20 Luglio 1977
Uno dei pensieri che sorgono nello spirito, a cui la pausa delle occupazioni esteriori consente una cosciente riflessione su se stesso, riguarda i principii della propria attività, come quando uno si chiede:
che cosa faccio?
e specialmente: perché lo faccio?
quali sono i motivi del mio operare?
I motivi possono essere molti, e sono di solito dipendenti l'uno dall'altro, sono gerarchizzati.
Così uno lavora per esempio per guadagnarsi la sua mercede; e la mercede per vivere.
Donde la domanda: qual è il motivo, quale lo scopo superiore agli altri, il quale dà ad una vita la sua definizione professionale, anzi morale?
Per sé lo scopo, il fine operativo generale è quello di fare il bene.
Ma quale bene?
il bene morale?
il bene per sé?
il bene utile?
il bene piacevole?
il bene facile?
il bene possibile?
L'onestà naturale della nostra vita dipende da questa risposta fondamentale: il valore morale della nostra esistenza deriva dalla scopo primo e superiore che la guida.
Questione che sembra facile, ma che pone tanti problemi, ai quali gli uomini, quelli bravi e buoni, sanno dare spesso magnifiche risposte, ma sempre incomplete rispetto al fine totale.
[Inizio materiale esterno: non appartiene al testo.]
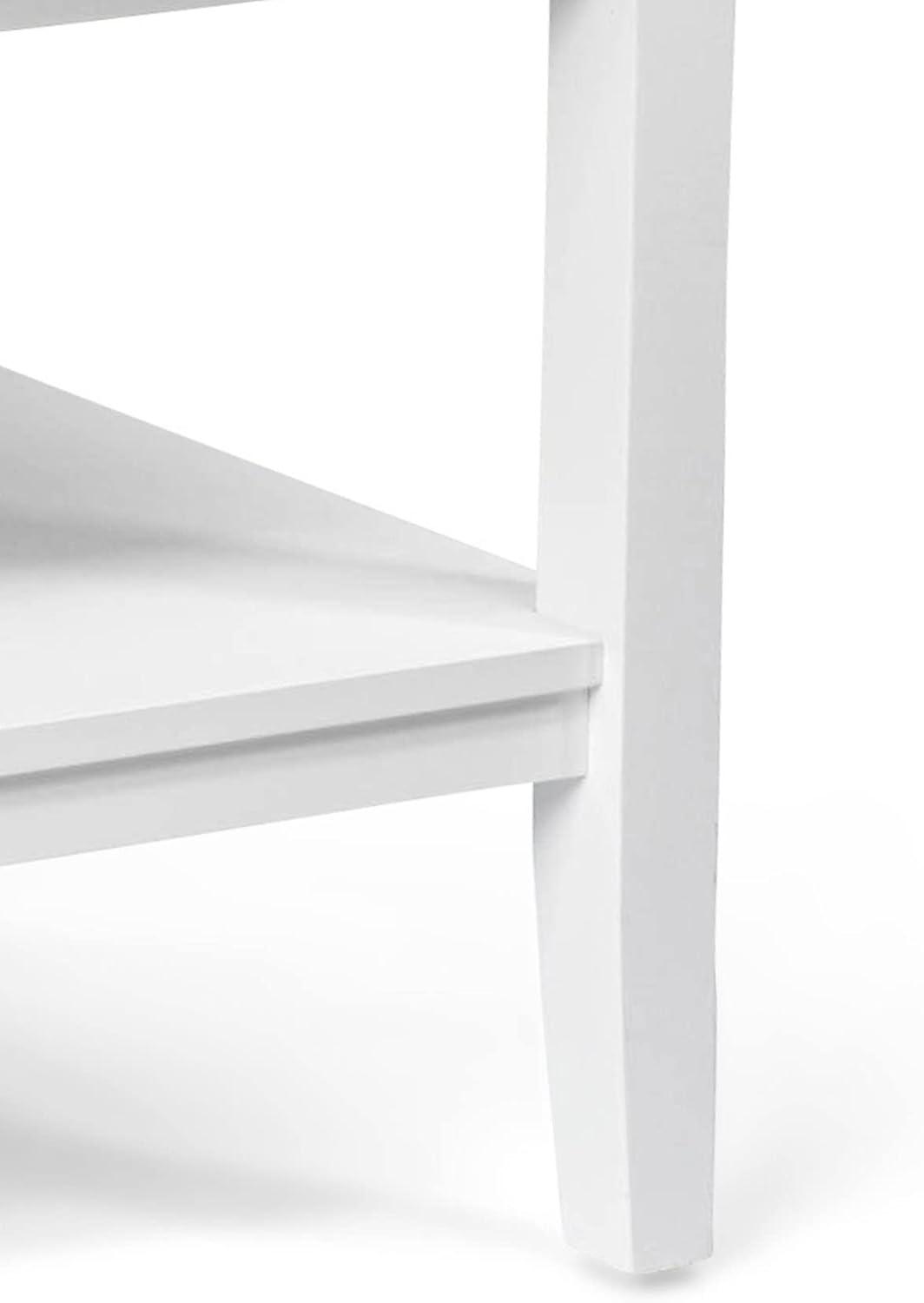 Convenience Concepts Ledgewood End Table, Driftwood / White, 18 in x 18 in x 26 in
Vi è chi si contenta di costruire la moralità umana nella misura puramente naturale, anche se dilatata ai suoi più ampi confini ( Cfr. Terentii: « homo sum, nihil humani a me alienum puto » ).
Ma è poi veramente e sempre possibile?
e vi è chi ricusa d'accettare qualsiasi principio morale assoluto: il « permissivismo » moderno rifugge dal ricorso a norme superiori e vincolanti.
E noi cristiani?
Noi siamo, sì, per il primato della libertà; ma di una libertà corrispettiva e coerente con la legge morale, col dovere!
Anzi noi abbiamo un concetto religioso della perfezione umana, della giustizia nel senso pieno della parola, e riteniamo ch'essa non ci può essere data che da Cristo, dalla fede che a noi prescrive una giustizia soprannaturale, e che a noi elargisce l'aiuto, la grazia per essere buoni davvero.
Ricordiamo sempre la parola di S. Paolo: « l'uomo giusto vive di fede ».
Bisogna trarre dalla fede il principio normativo e il principio operativo della vita giusta e buona ( Cfr. Gal 3,11 ).